Master theorem

Analysing complexity of recursive functions is not always easy, especially when the function does something fancy. Luckily, clever brains have provided a cookbook that makes determining the complexity of a recursive algorithm quite easy.

We may consider a recursive function as:
R(N) = A * R(\frac{N}{B}) + O(N^C)
Let me explain the symbols. R is a recursive function, that is called on the problem of size N. As it’s recursive, it calls itself A times, for a smaller problem of size N/B. In many recursive implementation, especially divide and conquer techniques, we got a “merge” step (please think about mergesort). The complexity of the merge step is expressed as the last term of the above formula.

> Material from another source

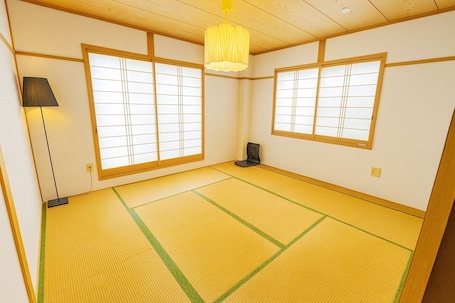 A traditional Japanese room with tatami flooring, sliding doors, and a hanging light fixture.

Then we may determine three cases that will describe the complexity of the call.
1. A = B^C then O(R(N)) = N ^ C log N
2. A < B^C then O(R(N)) = N ^ C
3. A > B^C then O(R(N)) = N ^ {log _b{c}}

Do you remember mergesort? Mergesort has two recursive calls, that divide the problem into two pieces. When the recursion is done, then comes an extra “merge” step, that has O(N) complexity. If we plug this information into the formula we got: A = 2, B = 2, C = 1. What leads to 2 = 2 ^ 1. We take the first case, and obtain complexity of O(N) = N log N.